Book Review: You Are Not Forgotten
Posting this week as a follow-up to last week's post. This is from my review published in the Journal, War, Literature, and the Arts (2016):
You Are Not Forgotten: The Story of a Lost WWII Pilot and a Twenty-First Century Soldier’s Mission to Bring Him Home. Brian Bender. New York: Doubleday, 2013, $26.95, hardcover, 317 pp.

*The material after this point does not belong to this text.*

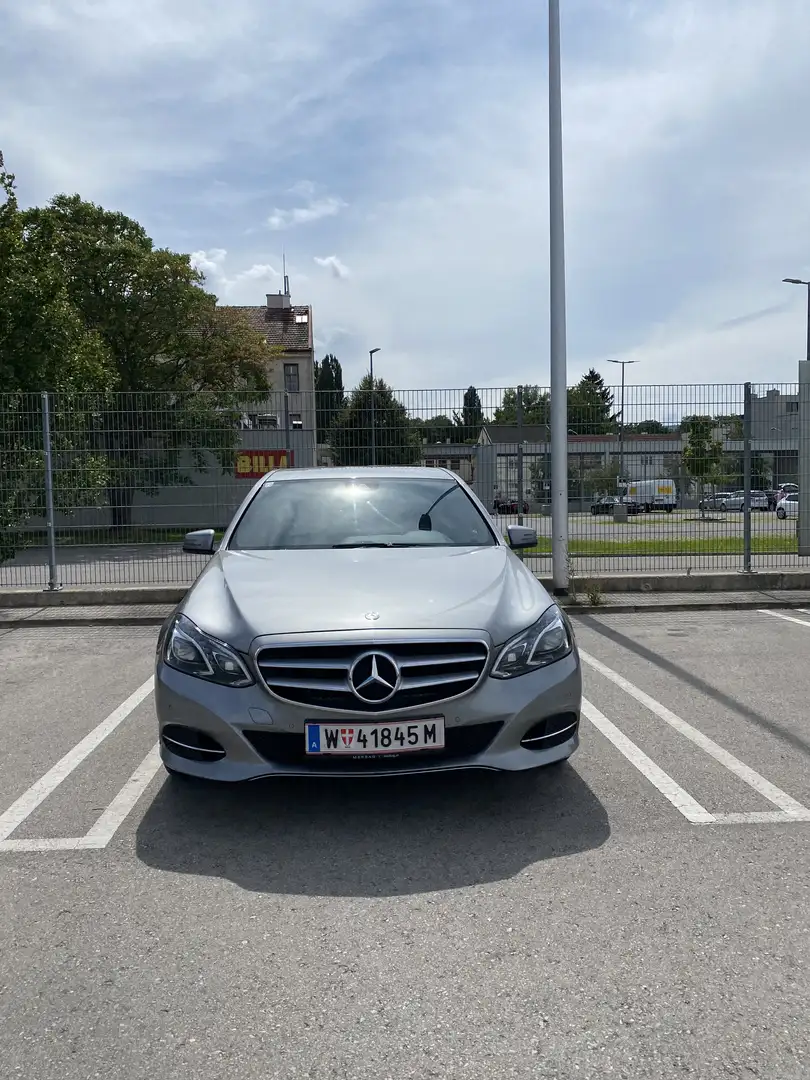 Mercedes-Benz E 300 Avantgarde TD Aut. - 1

Reviewed by Jeffrey C. Copeland, United States Air Force Academy
More than 83,000 American servicemen are still missing from World War II, Korea, Vietnam, and various American engagements after 1973, and the search for the missing takes center stage in Brian Bender’s book, You Are Not Forgotten: The Story of a Lost WWII Pilot and a Twenty-First Century Soldier’s Mission to Bring Him Home. It is a particularly poignant book in light of the recent controversy surrounding the Defense POW/MIA Accounting Agency (formerly the Joint Personnel Accounting Command, or JPAC), the military organization charged with finding and recovering America’s missing war dead.
You Are Not Forgotten is an engaging blend of past and present, told in a way in which the distinction often becomes one—Bender finds that the impulse to serve in America’s recent wars was not altogether different from its previous ones. It is a story of two military men who volunteered to fight for similar reasons—common refrains of patriotism, duty, family heritage, and commitment—yet in different wars situated in vastly different eras.

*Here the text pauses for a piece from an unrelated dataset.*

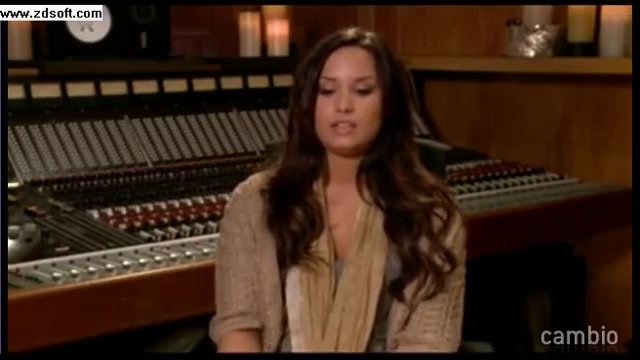 Demi Lovato - Live Chat - [Full] 03675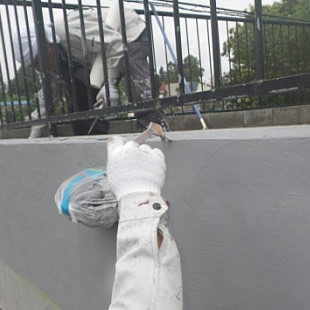 ウレタン防水剤の塗布を行い、鏝で平滑に撫でる乾燥硬化後にトップコートの塗布を行います。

Marine Captain Ryan McCown was an F4U Corsair pilot shot down over the skies of present-day Papua New Guinea, as the United States began its island hopping campaign on the heels of victory in the Guadalcanal Campaign during World War II. Army Captain George Eyster is a Kiowa helicopter pilot and veteran of the Iraq war whose service in that country straddled some of the war’s toughest years. Both men were fiercely loyal to their mothers, and conversed with them routinely throughout their military careers. Both men’s fathers were either aloof, absent, or both, and there is also a hint of a boy still striving to prove something to their fathers in each. Both men’s units were inexperienced entering their respective wars, with attendant consequences to be borne. One could not wish for better subjects for a tale such as this.

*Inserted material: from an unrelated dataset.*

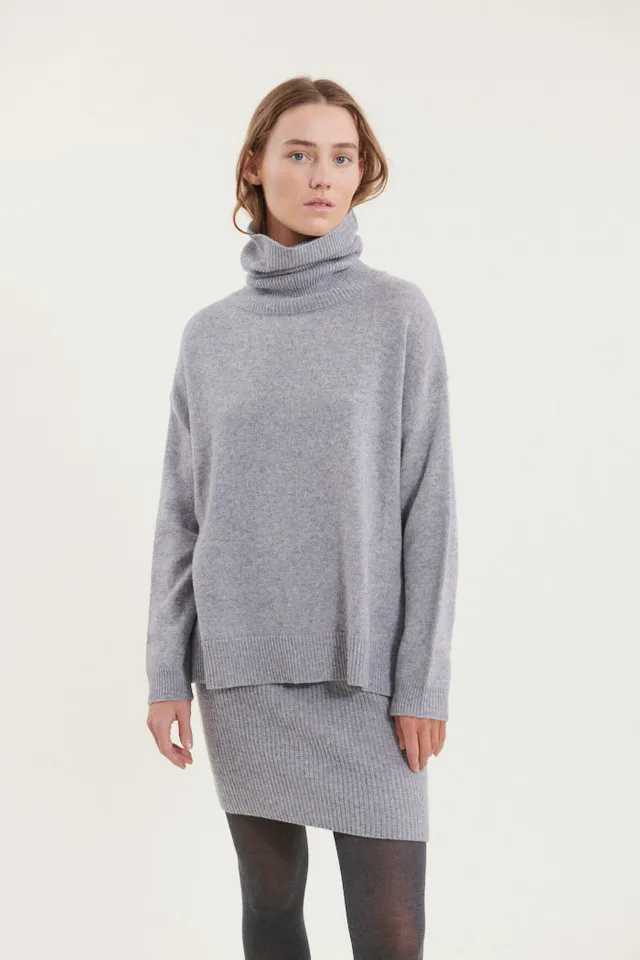 basic-apparel-lise-short-t-neck-pullover-hellgrau-meliert-lammwolle image 1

Bender incorporates some clever subtleties into You Are Not Forgotten. The first is a nod to the future of archival research for historians—that is, Bender’s use of email and internet chat records from the Eyster family signal a new set of sources now becoming available to historians. Especially in light of recent court cases, in which big tech companies like Facebook and Yahoo have successfully fought to uphold their user agreements stipulating that users’ accounts will be terminated upon confirmation of one’s death rather than passing to the family as part of an estate, the seemingly trivial nature of online communication is countered in this book by becoming a critical component of understanding one of its protagonists impetus for finding the other.
In another clever subtlety, Bender offers a critique of the Iraq war by presenting two military men who volunteered to fight but who emerged from their respective conflicts with vastly different opinions of what they were fighting for. Naturally, Ryan, even after ditching his crippled Corsair in the Solomon Sea, nevertheless “insisted that he resume his place in the squadron and not lose a day’s flying time,” (170) evincing an unbending support for a war almost universally considered “good.” He did return to flying shortly after the incident, but failing to return from a raid on a Japanese-held airfield, George is left to pick up Ryan’s story where it left off.
George’s experience with combat, meanwhile, left him disillusioned about the purpose of the war and his role in it as enemy attacks convinced him that his presence there would do nothing to change centuries of tribal and ethnic conflict aggravated by American involvement in their country. Desperate for a change, George lands the job with JPAC and ends his foundering, finally excited about his mission in the Army.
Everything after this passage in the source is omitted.